Ces temps ordinaires des déplacements urbains des familles nous donnent à voir la matérialité de cette intimité familiale. Le réel, les besoins vitaux, les contraintes sociales, institutionnelles et spatiales occupent non seulement du temps mais aussi de la disponibilité physique et psychique dans la vie intime de ces familles. Ainsi, combien sont-elles ces femmes exilées et invisibilisées, qui arpentent les espaces urbains avec leurs enfants dans les poussettes, pendant des heures et des kilomètres, pour assurer leurs démarches administratives, répondre à leurs besoins et ceux de leurs enfants ? L’absence de ressources ne leur permet pas toujours de prendre les transports en commun, ou au risque d’un contrôle d’un contrôle d’identité. Ces femmes s’engagent intimement, par leur corps pour assurer une stabilisation de leur vie familiale voire parfois simplement leur survie.
Ainsi, l’intimité des enfants et de la mère doit être envisagée par « la composition difficile de ces espaces ou de ces récits intimes […] pour comprendre à quel point l’expérience migratoire touche à la constitution profonde des personnes et pèse sur leurs actions » (Aulanier & Odasso, 2025, p. 5). L’effort pour faire famille, le besoin de protection (le statut administratif) se déploient dans des dimensions spatiales et relationnelles pesantes (Mahroug, 2025)
Les dimensions socio-politiques de l’intériorité ne sont pas absentes, les parents comme Mariama devant se raconter à l’Etat, aux travailleurs sociaux comme une injonction biographique (Mahroug, 2025), car les politiques de l’asile et migratoires contraignent à une extimité (Schmoll, 2020). Et, il en est de même des politiques familiales qui modèlent cette intériorité et l’intimité familiale (Neyrand, 2013).
Pour les personnes exilées, les questions administratives et familiales sont souvent intriquées. C’est le cas pour Mariama dont l’hébergement par le conseil départemental était soumis à des conditions de séparation avec le père de ses enfants.
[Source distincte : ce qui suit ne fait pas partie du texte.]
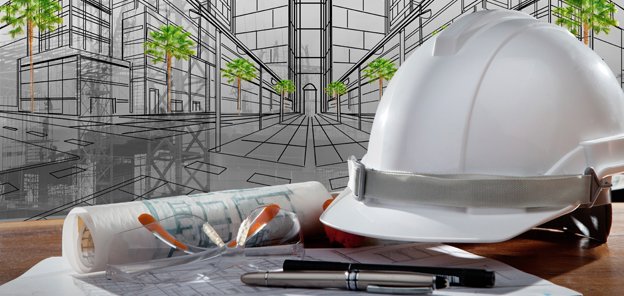 Architecture & Engineering Services tenders Karnataka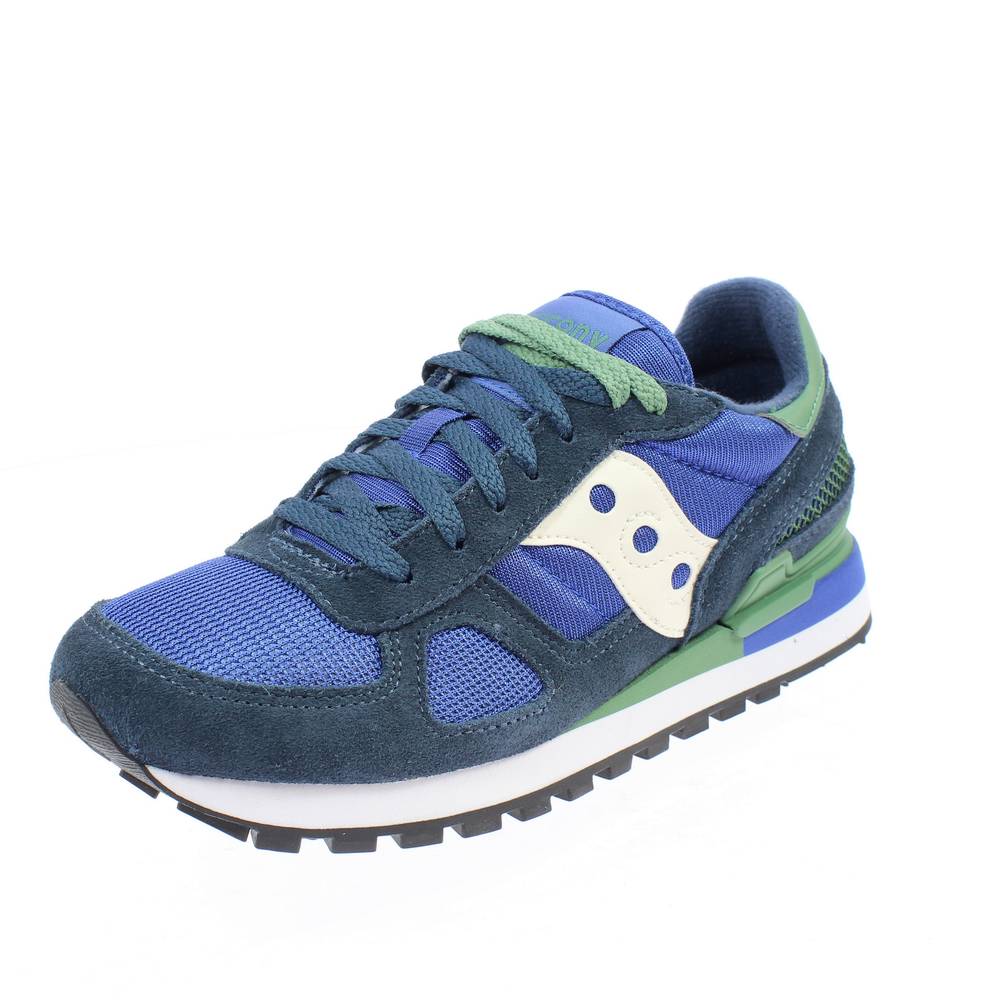 2108 D Shadow Original 805 Navy-blue Scarpe Sneakers Sportive uomo blu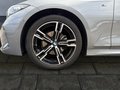 Daumennagel 5 - BMW 320d xDrive M Sport AHK/MMRY/HARMAN/HUD/PANO/360K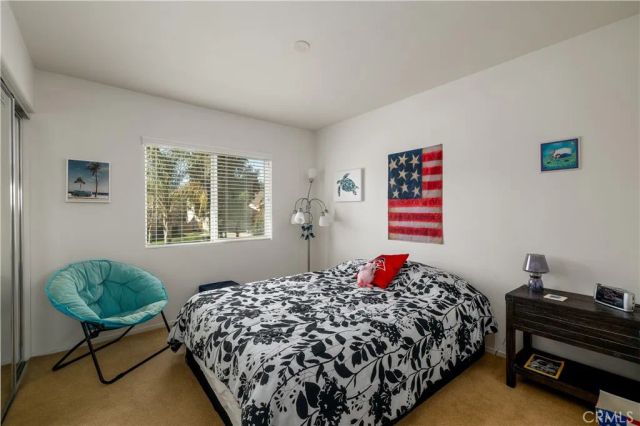 27075 Comet View Court, Menifee, CA 92585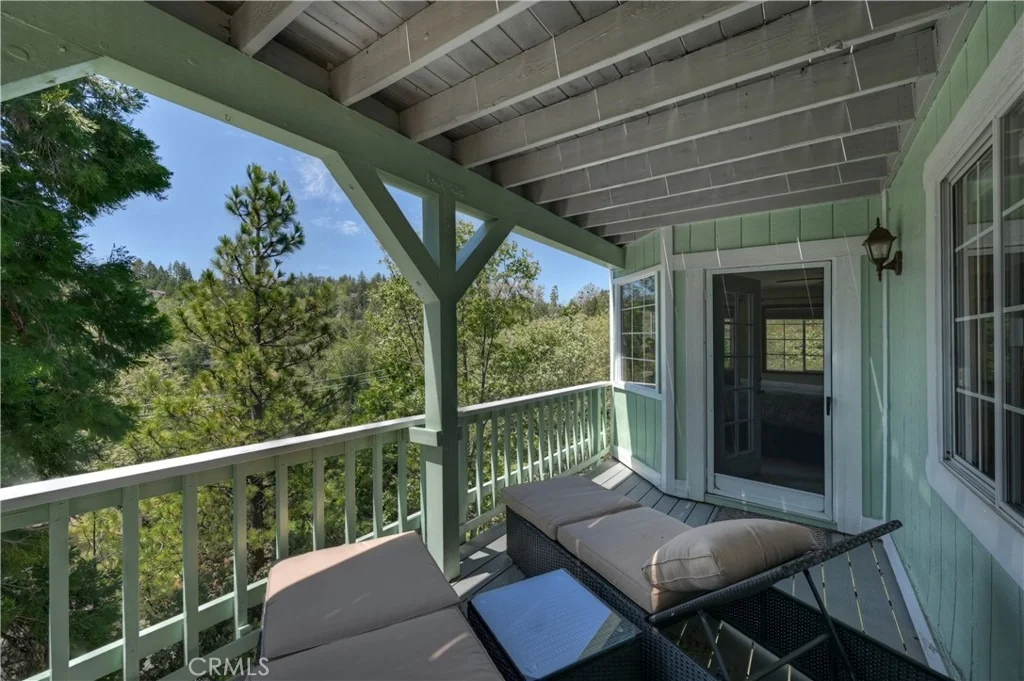 Photo of 27392 Peninsula Drive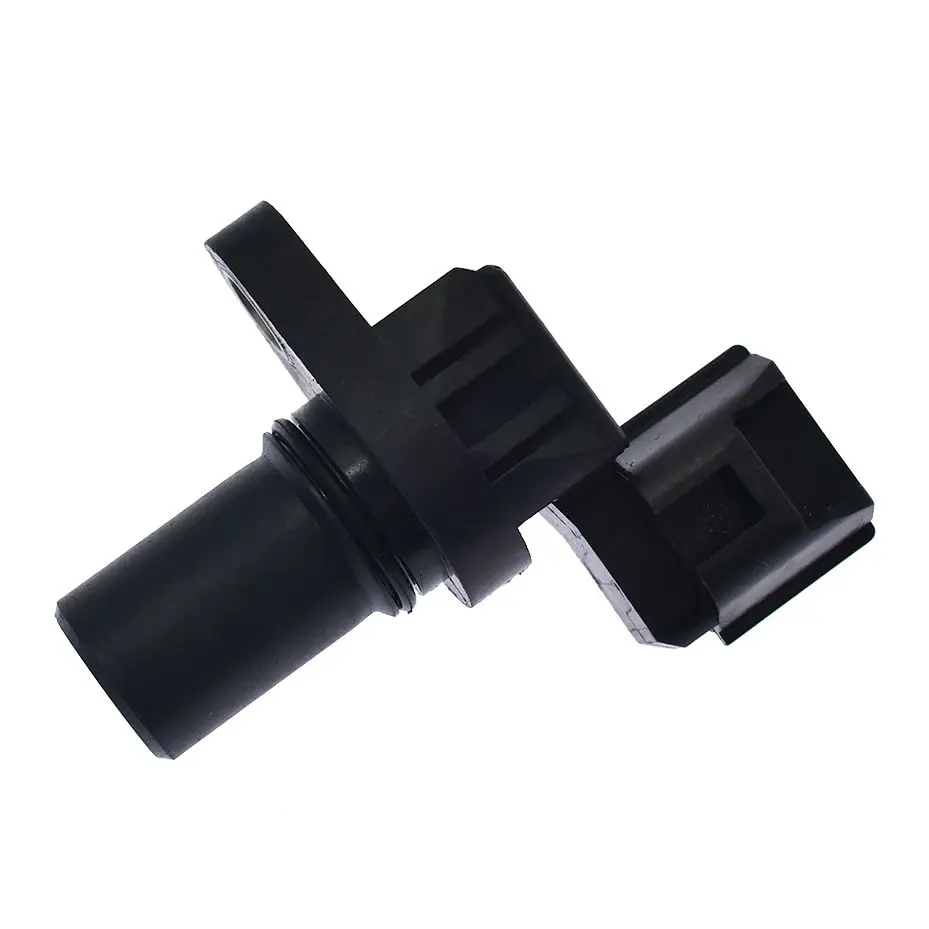 Camshaft Position Sensor J5T23071A MD327107 MD364999 For Mitsubishi Eclipse, Hyundai Santa, KIA Magentis, Chrysler Sebring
Mais c’est aussi le cas pour les regroupements familiaux, ou encore les reconnaissances de paternité, ouvrant droit à régularisation. « Pour les migrantes encore plus que pour d’autres, la relation intime/extime est encastrée dans des structures politiques et économiques telles que les politiques migratoires » (Schmoll, 2020, p.182), avec lesquelles se croisent les politiques familiales.
En s’intéressant aux enfants de l’exil et à leur santé, il est important, de chercher à comprendre comment ce contexte social a des effets sur leur développement et leur psychisme.